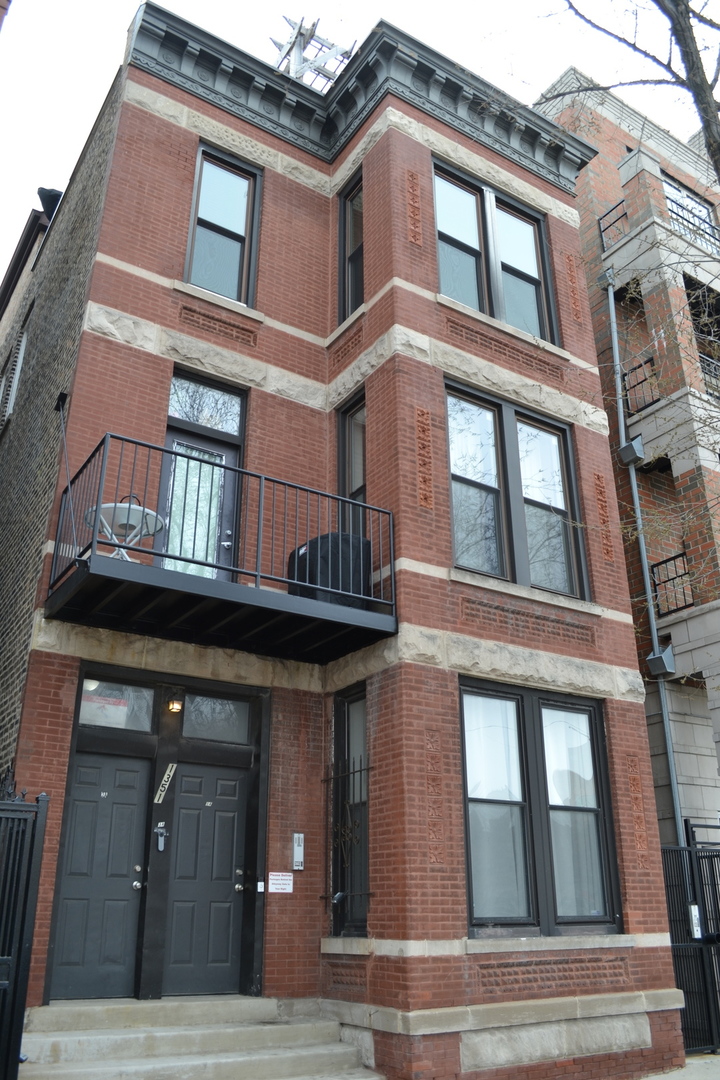 1351 N Ashland Avenue 3a Property Photo 1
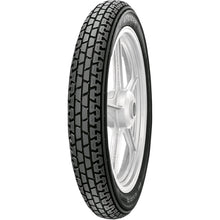 Metzeler Tire Black 3.00-19 54P - Front/Rear [MPN: 0109800]_428407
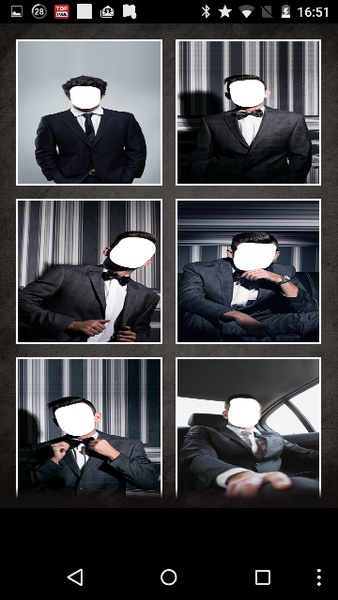 Business Man Photo Suit - Preview 4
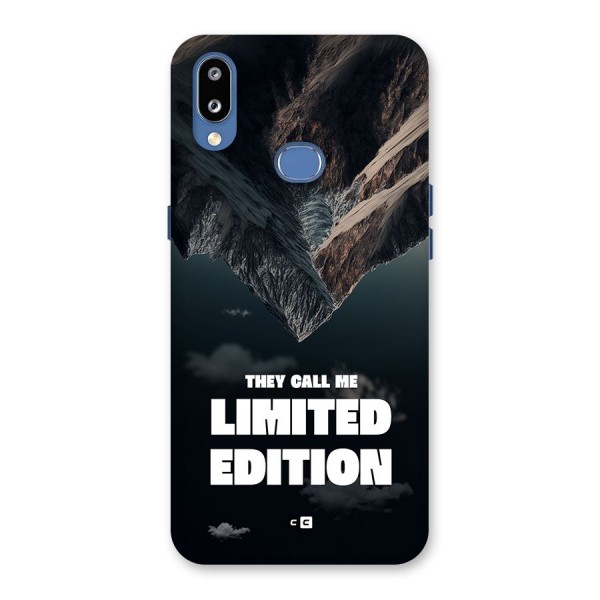 Amazing Limited Edition Back Case for Galaxy M01s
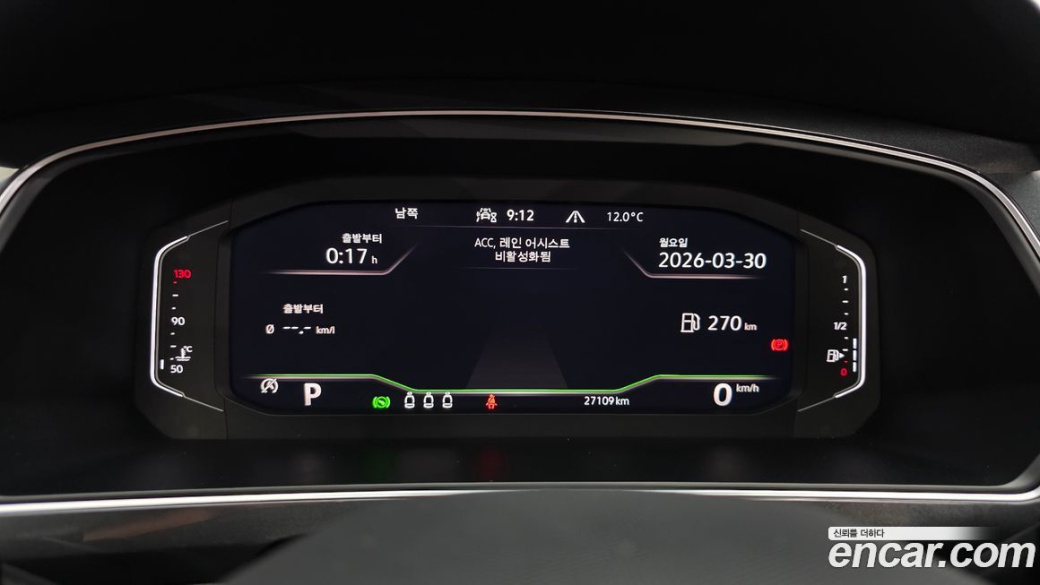 Volkswagen Tiguan 2.0 TDI Prestige, 2022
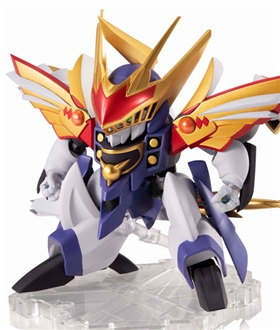 BANDAI SPIRITS : NXEDGE STYLE [MASHIN UNIT] Seiryuumaru - Mashin Hero Wataru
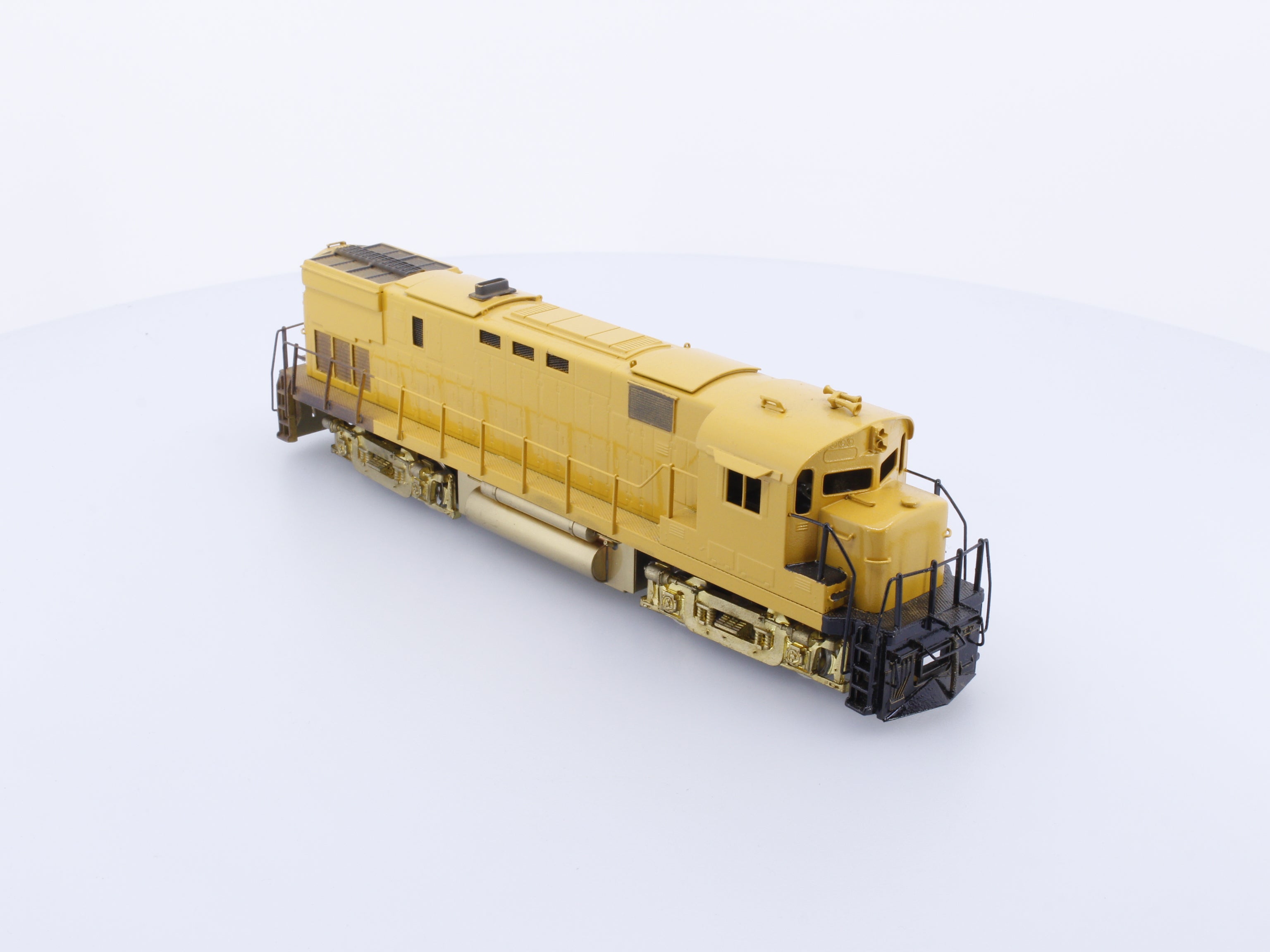 ALCO Models HO C420 Undecorated Analog DC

_Task instructions_. Without the pictures, please output every record exactly.

_Result below_.
 1351 N Ashland Avenue 3a Property Photo 1
 Metzeler Tire Black 3.00-19 54P - Front/Rear [MPN: 0109800]_428407
 Business Man Photo Suit - Preview 4
 Amazing Limited Edition Back Case for Galaxy M01s
 Volkswagen Tiguan 2.0 TDI Prestige, 2022
 BANDAI SPIRITS : NXEDGE STYLE [MASHIN UNIT] Seiryuumaru - Mashin Hero Wataru
 ALCO Models HO C420 Undecorated Analog DC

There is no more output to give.